The phonon confinement effect in two-dimensional nanocrystals of black phosphorus with anisotropic phonon dispersions

The RWL model for the phonon confinement effect in nanocrystals (NCs) had been found to result in deviations and limitations for crystals exhibiting obvious anisotropic phonon dispersions and modified models have been proposed to overcome these deficiencies. Here, we examine this issue in black phosphorus (BP), a typical anisotropic two-dimensional crystal exhibiting pronounced anisotropy in phonon dispersions. A detailed study is performed on the Raman spectra of BP NCs prepared by the ion implantation technique. With decreasing NC size, the peak positions of the three characteristic Raman modes, A(g)(1), B-2g and A(g)(2) modes, remain almost unchanged, while the A(g)(1) and A(g)(2) modes show significant asymmetrical broadening tails towards higher-and lower-frequency sides, respectively.

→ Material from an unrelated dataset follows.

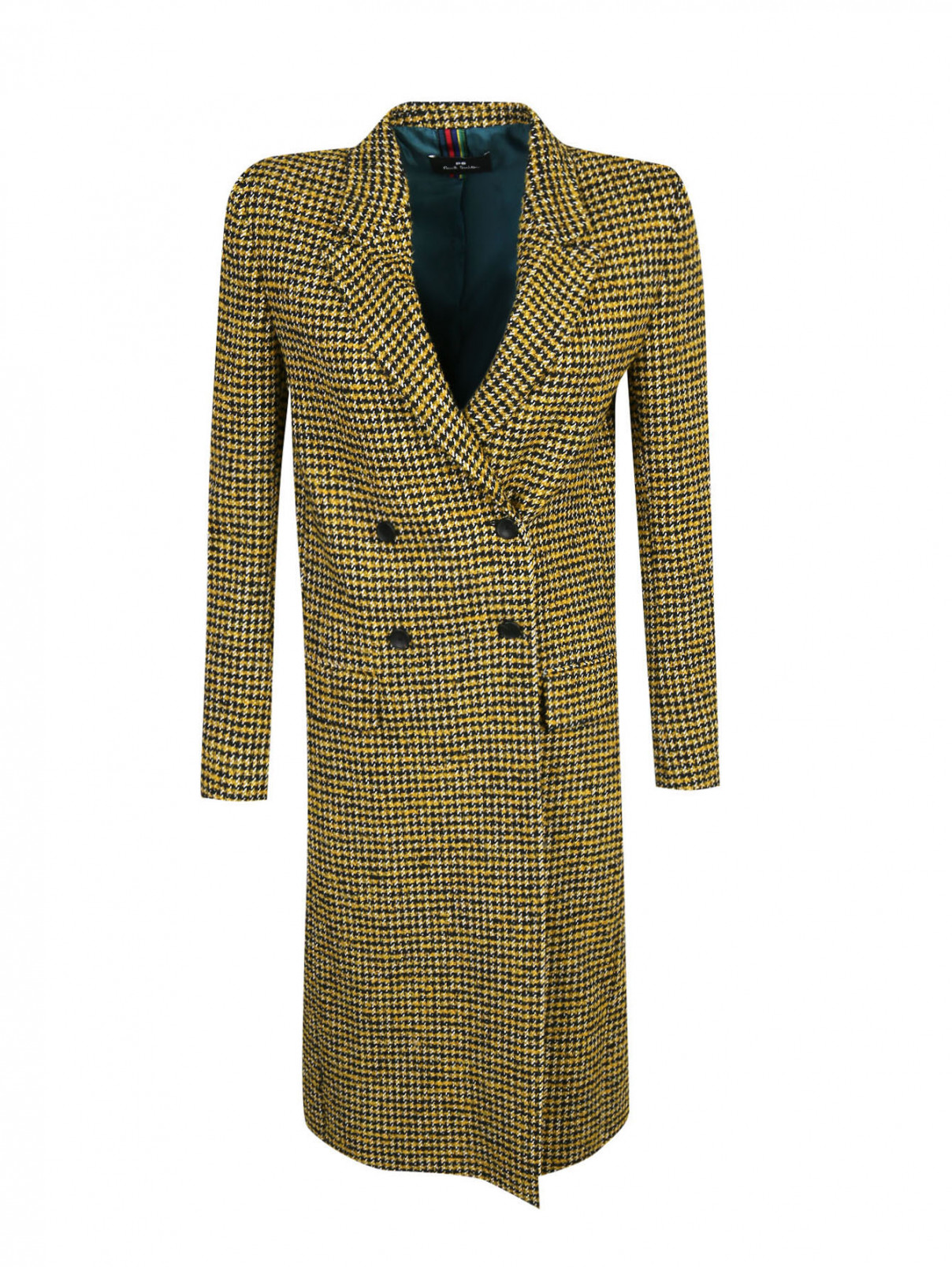 Двубортное пальто из шерсти с узором Paul Smith  –  Общий вид  – Цвет:  Желтый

It is found that the RWL model based on one-dimensional phonon dispersion along G-Y and G-X axes in the Brillouin zone (BZ) cannot interpret the unusual frequency invariance and inhomogeneous line shape broadening of these three modes. However, after considering the contribution of two-dimensional anisotropic phonon dispersions from the whole BZ, the frequency and asymmetrical broadening of the A(g)(1) and A(g)(2) modes can be well reproduced. This study demonstrates that the RWL model can be applicable for crystals with anisotropic phonon dispersions once the phonons in the whole two-dimensional or three-dimensional BZ are properly taken into account, and provides a physically sound route into understanding the phonon confinement effect for anisotropic systems.